Sheila padded in behind Madison and up the stairs to the woman's room, leaving them to their Draw; mettle and mettle. Sizing up, approximating, speculating.

"Come on inside, Nobody", she drawled smoothly with a crooked grin. She stepped aside, holding that door wide. The darkness at her back creaked and groaned as ramshackle buildings do. Saying "hello" in a whine of wood. Accomodating him, the hotel seemed to expand in the day, to rise up and spread out with the heat, then contract again by nightfall. Like now, that hall seemed to stretch, to whisper its testimony to sheltering those that wander in off a wild path.

Somewhere in that darkness, grease was frying and people were chattering. The hub bub of other guests. "Look like you could do with a full stomach and a tall one." Warm look and an upward nod, gesturing for him to not hesitate a moment longer.

Fred McCarty

Date: 2009-08-18 18:12 EST
He is still, keeping his hand out as the wolf scents him. He'd been taught, as a child, that when making friends with an animal - particulalrly canines - it's best to let them get comfortable before making a move. As the animal sniffs past his hand, he moves, slowly, unhurriedly, running his calloused fingers into its fur. No shortage of muscle under that coat, but not a lot of fat - someone cares for this animal, and cares for it well.

As the wolf heads to the door after sniffing him out, he stands again, coming to his feet in a smooth, unhurried motion. What he's not expecting is the face beyond the door when it opens. Ice-crystal blue eyes look her over once again, a faint pulse of crimson light shining for a moment in the depths of his gaze, easily visible under the shade of his broad-brimmed hat. Imagination and sharp senses lend weight to that stare as he assesses the woman, those eyes of his seeming to x-ray her as his gaze travels along her form.

Just two gunfighters, giving each other the once-over. Right?

As she steps back to let him in, a slight grin touches the corners of his lips. "Much obliged, 'Jezebel'," he says softly, touching the brim of his hat with two fingers, the classic gunhand's salute. With that same, classically unhurried stride, he steps over the threshold, into the shaded interior of the old building.

The smells and sounds - old wood and dust, the groan of a building protesting the heat, the smell of frying grease and the soft babble of people talking amongst themselves - all remind him of home, of a time long since past. Until she speaks again, he's lost in memories. But the words are welcome.

"Well, you'd be right on that account, ma'am. But it'd go down a lot better with some good company. And by the way, the name's McCarty, if'n you'd be so kind."

Madison Rye

Date: 2009-09-02 10:22 EST
So she's turning away with a smile and pointing the place out. "Up that way are the rooms, if you are so inclined to find your rest here.

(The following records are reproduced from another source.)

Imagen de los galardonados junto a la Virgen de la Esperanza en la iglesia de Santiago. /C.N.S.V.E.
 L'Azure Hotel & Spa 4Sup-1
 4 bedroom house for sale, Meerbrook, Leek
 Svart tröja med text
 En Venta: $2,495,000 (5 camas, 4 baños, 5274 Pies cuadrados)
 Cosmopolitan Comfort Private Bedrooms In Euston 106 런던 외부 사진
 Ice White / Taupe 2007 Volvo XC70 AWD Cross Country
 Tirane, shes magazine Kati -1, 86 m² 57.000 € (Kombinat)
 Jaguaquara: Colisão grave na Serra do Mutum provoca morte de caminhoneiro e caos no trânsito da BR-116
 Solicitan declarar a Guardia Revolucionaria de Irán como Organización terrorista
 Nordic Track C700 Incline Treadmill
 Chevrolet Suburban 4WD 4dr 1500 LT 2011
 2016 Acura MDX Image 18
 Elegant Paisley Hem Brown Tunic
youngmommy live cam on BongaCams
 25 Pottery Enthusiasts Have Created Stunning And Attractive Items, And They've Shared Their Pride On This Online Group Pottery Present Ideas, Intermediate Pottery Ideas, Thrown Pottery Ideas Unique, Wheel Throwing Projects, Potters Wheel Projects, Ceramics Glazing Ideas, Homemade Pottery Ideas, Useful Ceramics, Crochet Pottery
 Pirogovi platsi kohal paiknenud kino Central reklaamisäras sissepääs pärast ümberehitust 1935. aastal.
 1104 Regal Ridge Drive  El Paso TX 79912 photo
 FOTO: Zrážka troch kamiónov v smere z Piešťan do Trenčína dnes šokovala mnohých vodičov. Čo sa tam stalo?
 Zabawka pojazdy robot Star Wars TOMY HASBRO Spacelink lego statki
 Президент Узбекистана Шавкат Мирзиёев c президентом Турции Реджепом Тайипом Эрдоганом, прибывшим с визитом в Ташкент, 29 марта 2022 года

Over this way is the kitchen, dining tables..", as she leads him along with sweep of her arm. Then she's turning back around and pulling out a chair for him to take a seat.

"You a pancake man?"

She taps his shoulder and bends down, hands on her knees. "Whatever the case, McCarty.. Welcome home."


Madison straightens and eases out a chair by way of her boot, smiling down at him like an old friend.


Around them old dark wood shines and gives up reflections of all the light that gets in through the curtained windows, that creeps in through gaps in the old wood. It finds its way to illuminate the dark channels of the building from corridor to staircase. Beckoning and familiar, it is beacon, as a light house for this edge of West End. The Penny Moon while unremarkable, but not discriminating, which was one of its finest points.

It gathered dust well from its corner position off the main strip, but yet every table, chair and counter was polished and the sweep-in seemed secondary. It was well cared for and lived in. Perfect for those who wanted to put their feet up, but also wanted some security, privacy, and to never feel a stranger.